No. The column "Year to Date" contains numeric values.
How do the numeric values get there? (I would have thought that column
contained a formula).
In the drop down list Week is "Week 01", "Week 02" etc
Month is "November", "December" etc. In the columns these are represented by
numeric values.
The second sheet contains sales data. Each row represents details of an
individual sale.
No. All the salespeople are on the second sheet. This is represented on the
first sheet by all the sales persons names with the figures against them.
The week or month is chosen in the first sheet and is selected through a
drop down menu and a sub drop down menu. The first drop down menu lets u make
a choice between month or week and the second sub menu lets you choose either
the month name i.e. November or the week number i.e. Week 52.
Month written as text means that I have the month displayed in the sub menu
as November, december etc.

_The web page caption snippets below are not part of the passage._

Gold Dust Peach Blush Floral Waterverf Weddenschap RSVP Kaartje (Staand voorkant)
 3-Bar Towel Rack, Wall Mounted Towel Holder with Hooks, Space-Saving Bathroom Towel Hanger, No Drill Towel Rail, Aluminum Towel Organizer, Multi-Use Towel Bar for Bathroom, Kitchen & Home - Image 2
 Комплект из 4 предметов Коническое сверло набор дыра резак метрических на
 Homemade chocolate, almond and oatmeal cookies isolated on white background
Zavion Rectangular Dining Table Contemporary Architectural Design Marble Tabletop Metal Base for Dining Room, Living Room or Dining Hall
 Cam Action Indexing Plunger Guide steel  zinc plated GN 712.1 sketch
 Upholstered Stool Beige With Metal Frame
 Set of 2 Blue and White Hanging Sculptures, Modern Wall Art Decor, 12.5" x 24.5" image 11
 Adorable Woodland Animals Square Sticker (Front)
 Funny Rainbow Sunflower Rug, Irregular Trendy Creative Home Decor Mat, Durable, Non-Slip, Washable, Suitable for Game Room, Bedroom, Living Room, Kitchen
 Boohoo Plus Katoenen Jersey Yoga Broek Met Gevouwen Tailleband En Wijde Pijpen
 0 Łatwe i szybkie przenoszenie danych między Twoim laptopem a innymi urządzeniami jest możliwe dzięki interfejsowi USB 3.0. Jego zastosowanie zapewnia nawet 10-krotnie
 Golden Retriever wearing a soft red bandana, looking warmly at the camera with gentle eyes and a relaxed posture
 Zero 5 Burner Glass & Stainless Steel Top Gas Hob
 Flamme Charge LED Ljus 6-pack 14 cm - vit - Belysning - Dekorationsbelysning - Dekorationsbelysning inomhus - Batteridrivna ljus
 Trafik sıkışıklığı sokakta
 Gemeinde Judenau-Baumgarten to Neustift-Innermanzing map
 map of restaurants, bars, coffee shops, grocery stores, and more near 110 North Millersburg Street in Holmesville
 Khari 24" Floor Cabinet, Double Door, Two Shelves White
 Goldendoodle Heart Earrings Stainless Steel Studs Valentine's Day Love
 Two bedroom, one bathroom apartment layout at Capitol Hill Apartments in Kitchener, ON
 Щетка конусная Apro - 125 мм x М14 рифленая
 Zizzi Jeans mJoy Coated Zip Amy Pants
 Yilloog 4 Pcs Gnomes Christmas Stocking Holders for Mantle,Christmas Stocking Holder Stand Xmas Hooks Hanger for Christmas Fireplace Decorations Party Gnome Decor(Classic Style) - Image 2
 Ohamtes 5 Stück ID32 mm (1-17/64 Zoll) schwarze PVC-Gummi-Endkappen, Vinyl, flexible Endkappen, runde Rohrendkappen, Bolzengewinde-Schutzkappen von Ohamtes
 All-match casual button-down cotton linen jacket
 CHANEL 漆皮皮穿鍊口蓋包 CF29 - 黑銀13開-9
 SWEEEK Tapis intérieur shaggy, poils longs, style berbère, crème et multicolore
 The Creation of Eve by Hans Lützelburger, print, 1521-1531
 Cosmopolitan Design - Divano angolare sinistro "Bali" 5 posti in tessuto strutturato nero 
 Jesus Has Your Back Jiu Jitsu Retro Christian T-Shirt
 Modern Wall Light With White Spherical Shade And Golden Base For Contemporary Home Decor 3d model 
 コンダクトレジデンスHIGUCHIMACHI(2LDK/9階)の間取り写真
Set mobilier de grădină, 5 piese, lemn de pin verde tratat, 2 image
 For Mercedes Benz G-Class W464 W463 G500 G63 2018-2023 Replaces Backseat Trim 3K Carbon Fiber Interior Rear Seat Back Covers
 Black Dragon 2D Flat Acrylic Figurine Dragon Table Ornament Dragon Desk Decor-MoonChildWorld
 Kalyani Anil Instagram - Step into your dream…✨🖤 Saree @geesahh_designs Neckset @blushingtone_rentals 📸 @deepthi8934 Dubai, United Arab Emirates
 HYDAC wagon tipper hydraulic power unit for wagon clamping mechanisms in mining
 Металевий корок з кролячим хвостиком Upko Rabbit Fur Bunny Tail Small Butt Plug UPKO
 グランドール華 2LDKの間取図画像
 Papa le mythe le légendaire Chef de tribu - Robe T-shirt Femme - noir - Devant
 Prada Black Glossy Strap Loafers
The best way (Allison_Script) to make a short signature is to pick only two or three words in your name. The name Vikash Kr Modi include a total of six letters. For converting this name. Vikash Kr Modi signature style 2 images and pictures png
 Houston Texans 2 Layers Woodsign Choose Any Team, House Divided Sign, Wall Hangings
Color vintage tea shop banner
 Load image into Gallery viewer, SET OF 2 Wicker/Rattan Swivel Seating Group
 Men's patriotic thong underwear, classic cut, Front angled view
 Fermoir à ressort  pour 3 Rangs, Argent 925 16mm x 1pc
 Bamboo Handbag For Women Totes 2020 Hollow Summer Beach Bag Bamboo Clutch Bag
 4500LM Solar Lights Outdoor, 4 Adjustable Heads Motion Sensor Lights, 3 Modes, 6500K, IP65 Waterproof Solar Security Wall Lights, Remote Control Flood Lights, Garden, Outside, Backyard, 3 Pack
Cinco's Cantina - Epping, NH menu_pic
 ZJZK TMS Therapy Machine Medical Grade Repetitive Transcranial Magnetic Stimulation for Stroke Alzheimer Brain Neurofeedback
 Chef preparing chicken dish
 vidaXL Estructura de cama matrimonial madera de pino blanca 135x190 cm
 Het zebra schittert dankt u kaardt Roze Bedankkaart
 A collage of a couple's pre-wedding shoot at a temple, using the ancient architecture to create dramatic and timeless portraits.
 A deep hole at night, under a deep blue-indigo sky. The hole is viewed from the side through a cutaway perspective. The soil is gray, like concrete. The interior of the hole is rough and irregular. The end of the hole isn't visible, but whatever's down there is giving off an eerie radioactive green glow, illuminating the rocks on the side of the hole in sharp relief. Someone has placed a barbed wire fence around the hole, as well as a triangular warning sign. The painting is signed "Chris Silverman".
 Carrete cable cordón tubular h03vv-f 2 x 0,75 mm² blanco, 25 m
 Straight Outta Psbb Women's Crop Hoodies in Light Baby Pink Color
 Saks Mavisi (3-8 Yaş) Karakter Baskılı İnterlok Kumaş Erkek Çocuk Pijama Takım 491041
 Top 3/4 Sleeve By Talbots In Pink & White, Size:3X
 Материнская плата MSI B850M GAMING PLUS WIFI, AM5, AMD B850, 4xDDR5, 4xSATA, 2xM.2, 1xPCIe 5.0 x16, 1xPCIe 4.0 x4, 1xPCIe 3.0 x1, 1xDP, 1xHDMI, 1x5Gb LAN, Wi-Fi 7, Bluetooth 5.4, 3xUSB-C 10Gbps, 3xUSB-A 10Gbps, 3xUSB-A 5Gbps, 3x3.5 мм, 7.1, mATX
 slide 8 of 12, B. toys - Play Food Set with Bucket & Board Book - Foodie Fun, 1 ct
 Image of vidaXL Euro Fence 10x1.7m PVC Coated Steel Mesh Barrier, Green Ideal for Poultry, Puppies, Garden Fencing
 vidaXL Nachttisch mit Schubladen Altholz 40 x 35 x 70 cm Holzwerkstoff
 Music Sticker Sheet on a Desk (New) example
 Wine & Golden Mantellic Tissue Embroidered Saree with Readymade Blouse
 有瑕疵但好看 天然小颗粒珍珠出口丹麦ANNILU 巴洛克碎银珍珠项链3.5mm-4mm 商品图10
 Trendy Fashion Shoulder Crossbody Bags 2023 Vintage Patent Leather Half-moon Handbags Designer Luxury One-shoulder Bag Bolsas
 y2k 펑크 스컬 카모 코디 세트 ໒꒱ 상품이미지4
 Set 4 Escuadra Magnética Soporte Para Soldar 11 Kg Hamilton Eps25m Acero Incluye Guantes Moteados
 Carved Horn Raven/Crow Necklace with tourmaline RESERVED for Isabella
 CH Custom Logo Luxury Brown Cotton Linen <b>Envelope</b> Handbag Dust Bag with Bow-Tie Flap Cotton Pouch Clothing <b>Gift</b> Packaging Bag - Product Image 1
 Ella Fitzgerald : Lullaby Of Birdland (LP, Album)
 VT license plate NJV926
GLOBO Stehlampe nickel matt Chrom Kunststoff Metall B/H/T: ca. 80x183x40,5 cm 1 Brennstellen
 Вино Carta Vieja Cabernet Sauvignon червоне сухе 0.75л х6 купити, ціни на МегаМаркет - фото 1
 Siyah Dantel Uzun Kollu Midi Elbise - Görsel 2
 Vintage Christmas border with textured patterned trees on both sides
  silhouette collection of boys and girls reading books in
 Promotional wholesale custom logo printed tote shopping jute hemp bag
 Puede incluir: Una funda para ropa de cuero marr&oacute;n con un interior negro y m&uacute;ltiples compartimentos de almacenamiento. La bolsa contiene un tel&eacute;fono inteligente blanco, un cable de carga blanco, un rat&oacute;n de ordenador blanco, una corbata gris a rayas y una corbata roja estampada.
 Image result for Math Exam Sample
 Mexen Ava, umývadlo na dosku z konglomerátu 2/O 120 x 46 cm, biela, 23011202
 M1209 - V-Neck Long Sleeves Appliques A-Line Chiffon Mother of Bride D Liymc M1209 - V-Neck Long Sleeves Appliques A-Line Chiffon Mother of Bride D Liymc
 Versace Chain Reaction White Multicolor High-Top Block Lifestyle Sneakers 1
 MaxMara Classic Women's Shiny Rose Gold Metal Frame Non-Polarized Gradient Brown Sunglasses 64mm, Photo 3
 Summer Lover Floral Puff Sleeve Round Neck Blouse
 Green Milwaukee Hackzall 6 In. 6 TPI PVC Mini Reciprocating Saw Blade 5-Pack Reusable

I cannot link this sub menu to the Year to Date
formula as it needs to read a value to calculate this. So what I need to know
is a way of giving the month text a value.
Since you did not write otherwise, I assumed the value you wanted to give the
month text was a number between 1 and 12 corresponding to the month's place in
the year.
When I gave you a method in your previous thread:
=MATCH(A1,List_of_Months,0)
You were not clear as to the nature of the problem.
If you check HELP for the MATCH worksheet function, you will note that A1 is
the lookup value. You should substitute the cell reference that contains the
name of the month that you selected from the dropdown list.
List_of_Months, as I wrote, is the range where you have listed the individual
months to be used to generate your month drop-down list.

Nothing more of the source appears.